The use of the red dress was originally inspired by the REDress Project, which was initiated by Anishnaabe artist Jaime Black as an “aesthetic response to this critical national issue,” according to Black’s website.
The video has prompted anger, sadness and outrage in the community.
Roxanne Harris, chief of the Stz’uminus First Nation, says she was shocked and disheartened when the video clip was brought to her attention. After viewing it, she called the mayor of Ladysmith, Aaron Stone.
“We have a good working relationship,” she says.
Ladysmith town council and the Stz’uminus chief and council gathered on Saturday to put red dresses up where they were taken down.
Harris says other community members also lent a hand, including the Ladysmith Fire Department and the people behind the Ladysmith Festival of Lights.
“We are working together to try and remedy the situation,” says Harris, adding that people who want to contribute can drop off red dresses at Ladysmith City Hall. May 5 is recognized nationally as Red Dress Day.
Snuneymuxw Elder Yvonne Rigsby-Jones, who helped to hang the red dresses, says this was an opportunity to re-educate the public about what the dresses represent.
“Those red dresses are hung in memory of people,” says Rigsby-Jones, the former executive director of Tsow-Tun Le Lum Society. “There’s love and meaning behind them.
“We don’t know why those men took those dresses down, so they need to know what they signified.”
According to an oft-cited report published by the RCMP in 2014, there are 1,181 police-recorded homicides and unresolved cases of missing Indigenous women in Canada.
Rigsby-Jones believes the number is much higher.
In June 2019, a two-volume report was released by the National Inquiry into Missing and Murdered Indigenous Women and Girls after a series of cross-country public hearings and evidence gathering, including testimonies shared over two years from “2,380 family members, survivors of violence, experts and Knowledge Keepers,” according to the inquiry.
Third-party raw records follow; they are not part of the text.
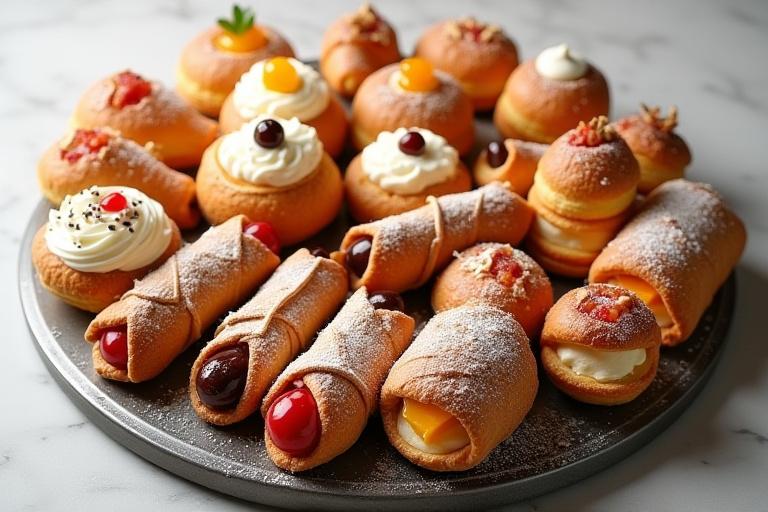 Assortimento di pasticcini tradizionali italiani, come cannoli e bignè, su un vassoio.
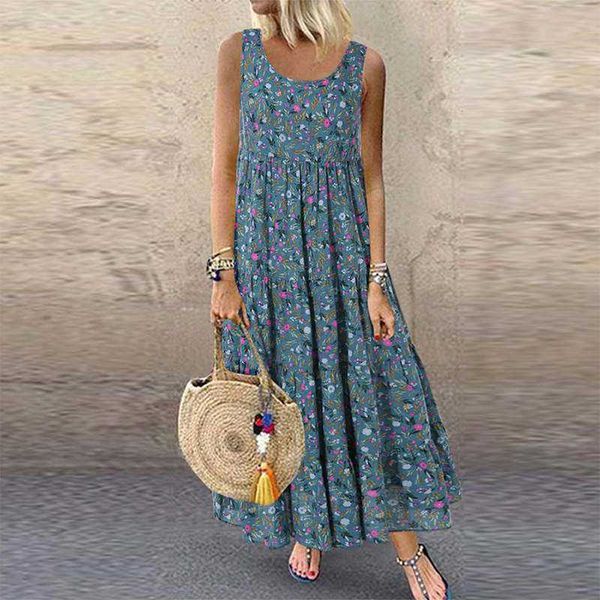 Abiti da donna con stampa floreale Abiti estivi vintage o collo larghi da spiaggia senza maniche bohemien maxi abiti lunghi casual femminili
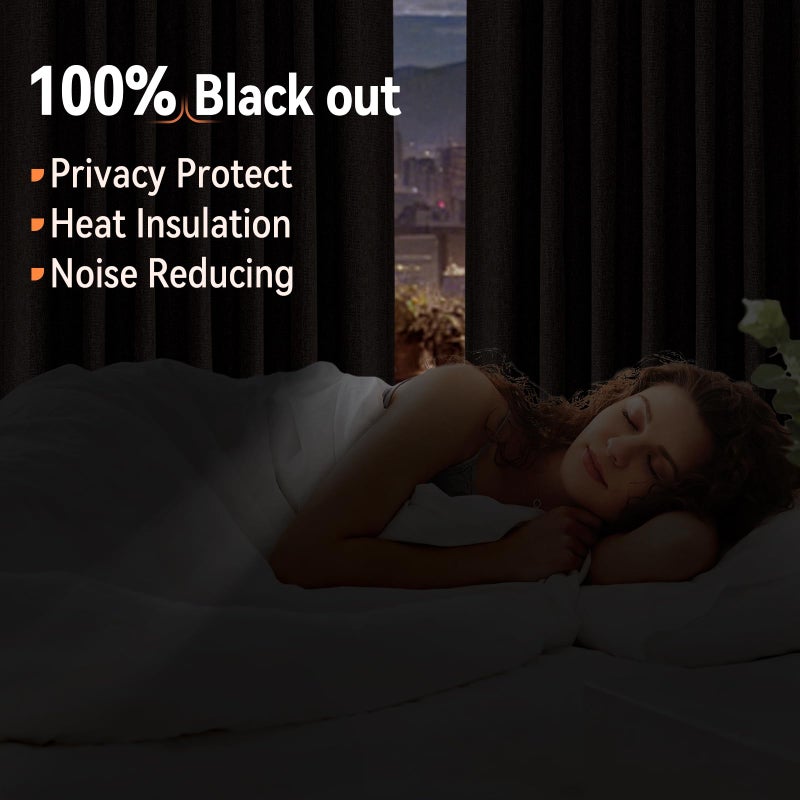 100% Blackout Shield 100% Blackout Curtains 45 Inches Long Linen Blackout Curtains 45 Inch Length 2 Panels Set Thermal Insulated Full Light Blackout Curtains for Bedroom/Living Room 40 "" W x 45 "" L 2 Panels Beige - Image 2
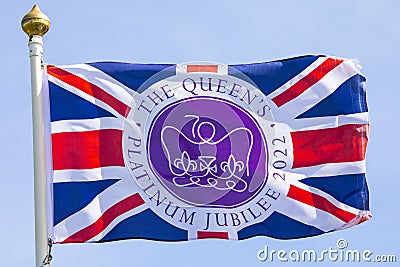 The Queens Platinum Jubilee 2022 Flag Editorial Stock Photo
One of the inquiry’s recommendations was for police to put together a national strategy to ensure consistency in mechanisms for reporting missing Indigenous women and girls, and to implement a national database.
The report also calls for a special investigation into failures to investigate cases and police misconduct.
Rigsby-Jones works with the Indian Residential School Survivors Society, where she offers counselling support to individuals and families.
“To hear from families that services aren’t protecting them is devastatingly sad and wrong,” she says.
Harris says the plan is not simply to replace the dresses that were taken down, but to extend their reach, hanging dresses from Ladysmith all the way to Stz’uminus territory.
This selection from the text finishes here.